TASK DETAILS:
Copy each line of the data below exactly, leaving out pictures.

RECORDED INFORMATION:
/---
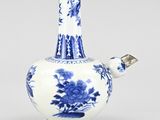 blue and white vase with flowers and birds on it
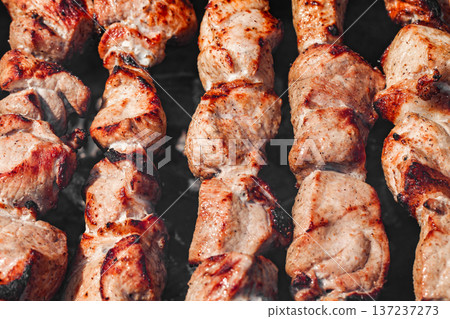 Fried meat in chunks, shish kebab on skewers, close-up, selective focus  137237273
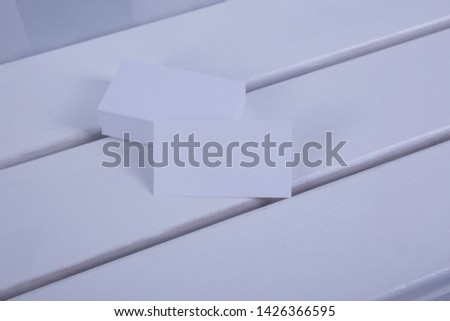 Blank business cards on white wooden background.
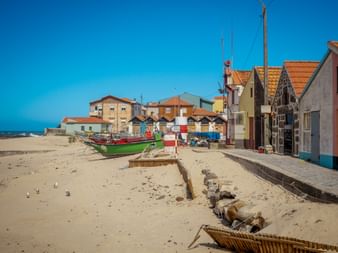 Bunte Fischerboote am Sandstrand in Vila Chã mit traditionellen Fischerhäusern mit orangefarbenen Ziegeldächern unter blauem Himmel.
\---
EXPECTED ANSWER:
 blue and white vase with flowers and birds on it
 Fried meat in chunks, shish kebab on skewers, close-up, selective focus  137237273
 Blank business cards on white wooden background.
 Bunte Fischerboote am Sandstrand in Vila Chã mit traditionellen Fischerhäusern mit orangefarbenen Ziegeldächern unter blauem Himmel.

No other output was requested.